Page 702 - e-KLIPING KETENAGAKERJAAN 6 OKTOBER 2020
P. 702
Pembahasan RUU yang meliputi 11 klaster ini dikebut oleh pemerintah dan DPR di tengah
berbagai penolakan yang muncul dari sejumlah elemen masyarakat sipil.
Tercatat, pembahasan RUU ini hanya memakan waktu tujuh bulan saja, sejak Presiden Jokowi
mengirimkan draf rancangan regulasi serta surat presiden ke DPR pada Februari lalu.
Bahkan, Badan Legislasi DPR menyetujui agar hasil pembahasan RUU ini dibawa ke rapat
paripurna pada Sabtu (3/10/2020) malam lalu.
Salah satu klaster pembahasan yang cukup banyak mendapat penolakan yaitu terkait klaster
ketenagakerjaan.
Konfederasi Serikat Pekerja Indonesia (KSPI) mencatat, setidaknya ada tujuh isu penting yang
menjadi dasar penolakan rencana pengesahan tersebut.

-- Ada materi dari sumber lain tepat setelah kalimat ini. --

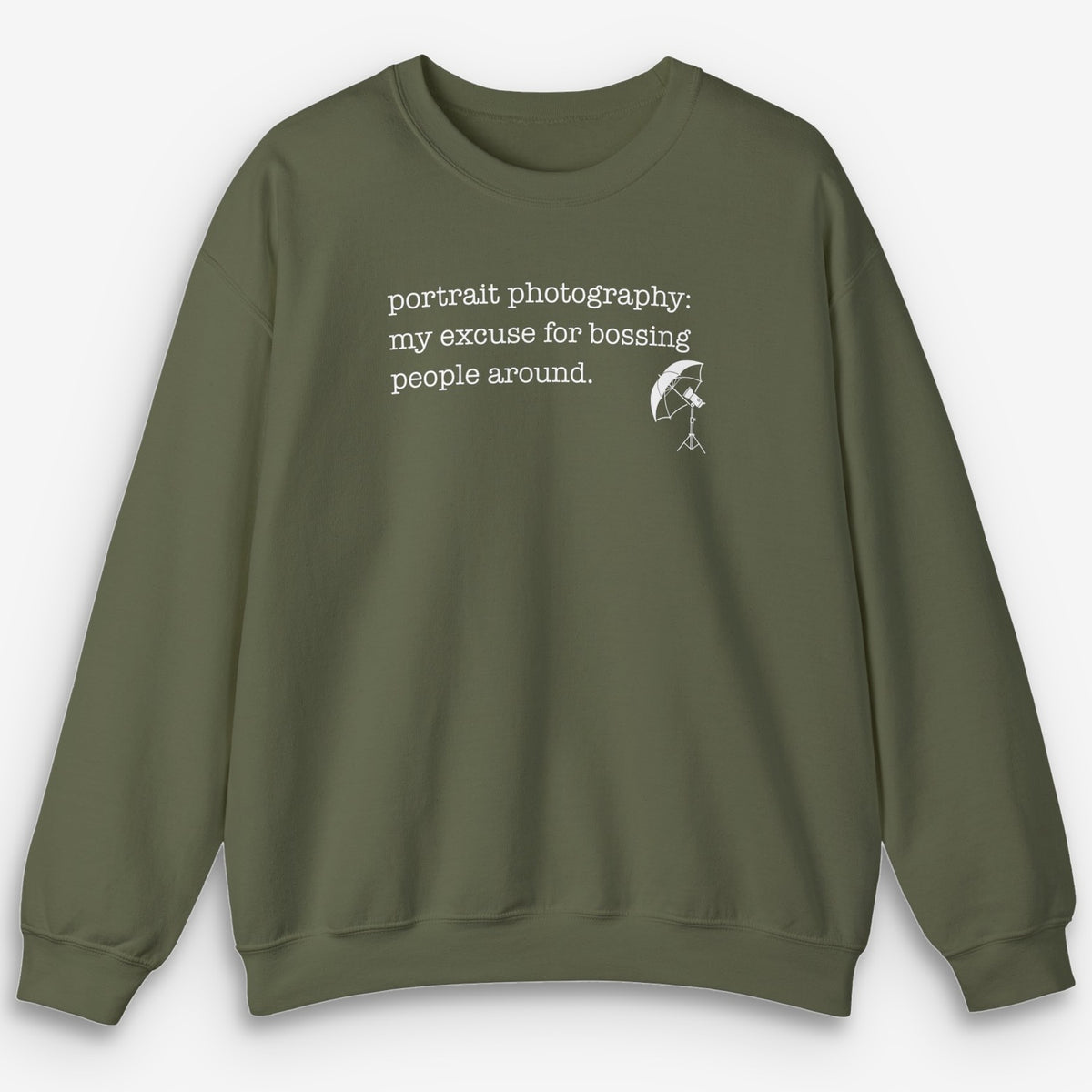 Portrait Excuse Sweatshirt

Mulai dari rencana penghapusan Upah Minimum Sektoral (UMSK), pengurangan nilai pesangon,
Perjanjian Kerja Waktu Tertentu (PKWT) yang bisa terus diperpanjang, serta outsourcing seumur
hidup tanpa batasan jenis pekerjaan.
Kemudian, rencana jam kerja yang dinilai terlalu eksploitatif, hak cuti dan hak upah atas cuti,
serta tidak adanya jaminan pensiun dan kesehatan bagi karyawan kontrak dan outsourcing .
"Dari tujuh isu hasil kesepakatan tersebut, buruh menolak keras. Karena itulah, sebanyak 2 juta
buruh sudah terkonfirmasi akan melakukan mogok nasional yang berlokasi di lingkungan
perusahaan masing-masing," kata Presiden KSPI Said Iqbal dalam keterangan tertulis yang
diterima Kompas.com , Minggu (4/10/2020).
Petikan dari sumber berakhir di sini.